$f(x) = (2x-1)/x^2$: proof of continuity using the epsilon-delta definition [closed]

$f(x)=(2x−1)/x^2$ , where $x$ is in real number, except $0$.

I have been struggling with this for a while what seems to be quite trivial. I have started with $$|f(x)−f(c)|=\left|\frac{2x−1}{x^2}−\frac{2c−1}{c^2}\right|$$ and tried to cancel and approximate the terms as much as possible using triangle inequality and the properties of polynomial fractions and somehow squeeze in delta so that i can define it in terms of epsilon. If someone could leave some hints, i would appreciate it thanks.

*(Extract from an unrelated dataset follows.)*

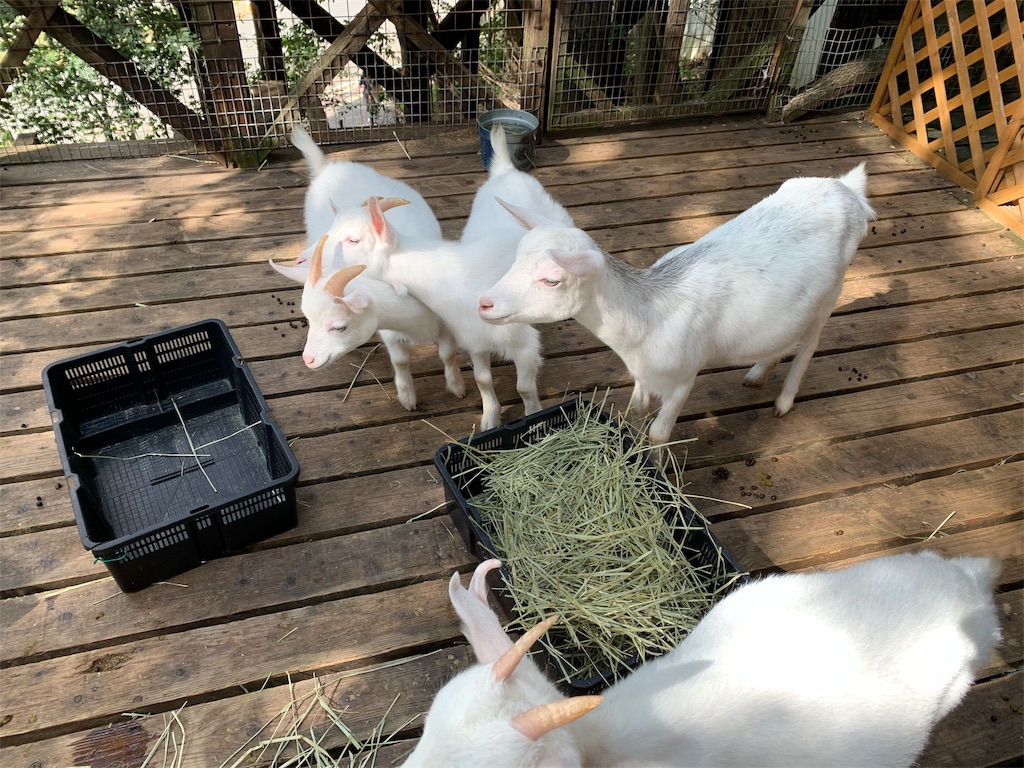 f:id:Yukitokidoki:20191004200401j:image f:id:Yukitokidoki:20191004200401j:image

If $x,c\in\Bbb R\setminus\{0\}$, then\begin{align}f(x)-f(c)&=\frac{2 x c^2-c^2-2 x^2 c+x^2}{c^2 x^2}\\&=\frac{c+x-2cx}{c^2x^2}(x-c).\end{align}Now, suppose that $|x-c|<\frac{|c|}2$. It follows from this that $|x|>\frac{|c|}2$ and that $|x|<\frac{3|c|}2$. Therefore\begin{align}\bigl|f(x)-f(c)\bigr|&<\frac{|c|+\frac32|c|+3c^2}{c^4/4}|x-c|\\&=\frac{10|c|+12c^2}{c^4}|x-c|.\end{align}So, if$$\delta=\min\left\{\frac{|c|}2,\frac{c^4\varepsilon}{10|c|+12c^2}\right\},$$you will have $|x-c|<\delta\implies\bigl|f(x)-f(c)\bigr|<\varepsilon$.